Public education developed at an unsteady pace under Goodwin’s successor. In 1865, Governor Richard McCormick temporarily postponed the initiation of a school system, stating that he found existing provisions for schools in the Territory to be adequate. Despite McCormick’s opinion, the 1867 territorial assembly enacted a law giving towns the option of collecting taxes for schools. Tucson was the only community that took advantage of this provision. In 1867, Tucson established a small school which only operated for six months due to a lack of funds.
It was not until President Ulysses S. Grant appointed Anson P. K. Safford as Governor of Arizona in 1869 that the outlook began to change. Safford was mortified by the results of the 1870 census, which showed that Arizona had almost two thousand children between the ages of six and twenty-one, but not a single public school. Safford’s mission to change the situation earned him the reputation of “the father of Arizona schools”. Safford crafted a public-school bill that provided for a Territorial school tax of ten cents on each hundred dollars of property. The public-school bill authorized counties to collect school taxes not to exceed fifty cents per one hundred dollars of property. Three public-school trustees were to be elected in each district. The responsibilities of the trustees were to provide and furnish schoolhouses, take a school census each year, and to levy special taxes if the district was unable to keep the school open for at least three months a year.

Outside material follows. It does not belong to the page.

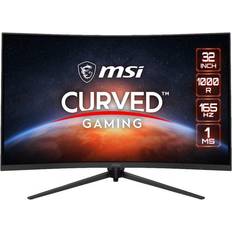 MSI 2560x1440 - Gaming Monitors MSI Optix G321CQP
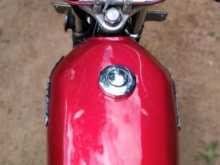 Ranomoto CG125 2002 Motorbike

The first prominent EuroAmerican settlers arrived in the Strawberry Valley towards the end of Safford’s administration. The small community of farmers, ranchers, and freighters realized the need to educate its young children. Thus, in 1884, Strawberry Valley generated a petition to organize a district and establish a school. The petition was taken to Prescott and submitted to county school superintendent, William “Buckey” O’Neill. O’Neill was a good friend of LaFayette Nash, one of the earliest settlers of Strawberry Valley, and it is believed that the close relationship between the two men facilitated the rapid granting of a school district for Strawberry Valley. Local legend states that O’Neill told the families of Strawberry’s children to build the schoolhouse, and he would provide its furnishings.
Families were eager to begin construction but could not agree on a site for the new school. Homes were scattered throughout the three-and-a-half-mile length of the valley and parents were concerned about the distances their children would have to walk. Another local legend tells that this issue was resolved by two cowboys using a rope to measure the distances from the homes on the furthest eastern and western areas of the valley in order to construct the school at the midway point. Construction began in early 1885.
Superintendent O’Neill fulfilled his promise to the settlers. He sent furnishings that included glass windows that could be raised and lowered, factory-made desks, the latest edition of Webster’s Dictionary, a current world globe, a large slate Blackboard, two overhead gaslights, a wood-burning stove, a clock, textbooks, and even a pump organ. The school opened in the Fall of 1885. It was the pride of Strawberry Valley – the building would serve not only as a school but also an occasional dance hall, church, and meetinghouse for Valley residents. Mollie Burgett was the Strawberry School’s first teacher. The teacher received a salary averaging $30 a month, plus room and board with meals for them normally being provided by the families of the children who attended school.
The Strawberry School remained in operation every school year, except for 1908-1909 due to inadequate enrollment, until its closing in June 1916. Since 1916, Strawberry’s students have attended public school in neighboring Pine County within the Pine-Strawberry consolidated school district. For the next half-century, the School found occasional use as a temporary residence for newcomers to Strawberry as they built their own homes or for transients passing through the area, but it was never used again for instructional purposes.